A su madre no le gustaba el campo ni la hierba. Cuando su marido había sugerido comer en el parque se había quejado porque decía que si la hubieran avisado con tiempo habría traído un mantel y se habría vestido más adecuadamente para la ocasión. Caminar con tacones por Sheep Meadow no era fácil, los zapatos se hundían y la hacían sentirse fuera de lugar, pero Antía se divertía y eso compensaba cualquier sufrimiento.
—… las hojas se vuelven amarillas cuando desaparece la clorofila —prosiguió don Ignacio—. Marrones cuando lo hacen los carotenoides, y las antocianinas tienen la culpa de los tonos rojizos…
Pan de centeno, fruta, coca cola light, varias piezas de sushi y ensalada de pasta.
Los rascacielos asomándose sobre las copas de los árboles como si quisieran escapar del bullicio de la ciudad y sumergirse en aquel refugio bucólico donde las familias se reunían y los niños corrían felices.
—…pero también influyen otros factores como la humedad, la temperatura y las condiciones del suelo en otoño.
El sonido de un claxon la hizo regresar al presente. El imán de la nevera, con el que les había dejado el mensaje, la había hecho viajar en el tiempo.
«Estaré bien, no os preocupéis».
La maleta de ruedas, la luz verde del taxi y el conductor bajándose del vehículo para abrir el portaequipaje ¿Había cogido suficiente dinero?
Central Park, Nueva York, las conversaciones con su padre…
Antía se montó en el coche con lágrimas en los ojos.

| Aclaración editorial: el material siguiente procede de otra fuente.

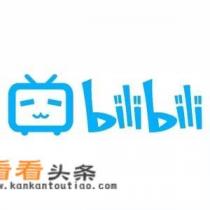 下载视频用什么软件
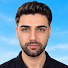 LvvhJ_Sdh9c-channel-avatar-Mebra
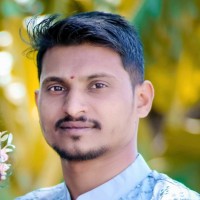 Govind Satpute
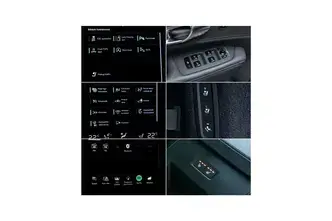 Volvo V90, 2.0, 110 kW, дизель, автомат, полный привод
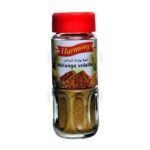 EPICES VOLAILLE HARMONY 75GR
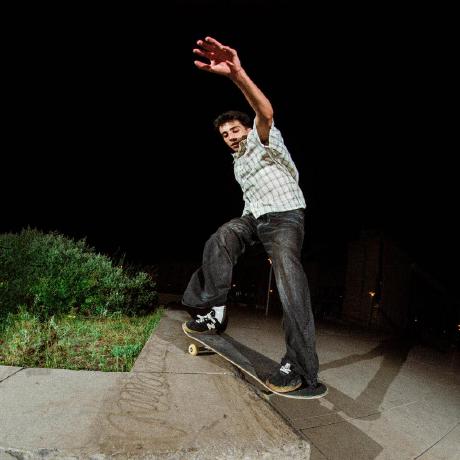 Kiwa98 Gabriel Cordeiro Github - Artistic High Resolution Sunset Wallpapers | Free Download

Aunque intentaba aparentar que estaba bien, no lo conseguía. Sabía que iba a echarlos mucho de menos, que su madre iba a morirse de preocupación esa noche cuando llegara a casa y ella no estuviera.
—¿Se encuentra bien, señorita? —le preguntó el taxista.
Y ella asintió con la cabeza.
—Es por la falta de luz —respondió—. Cambian los colores de las hojas y me pone triste.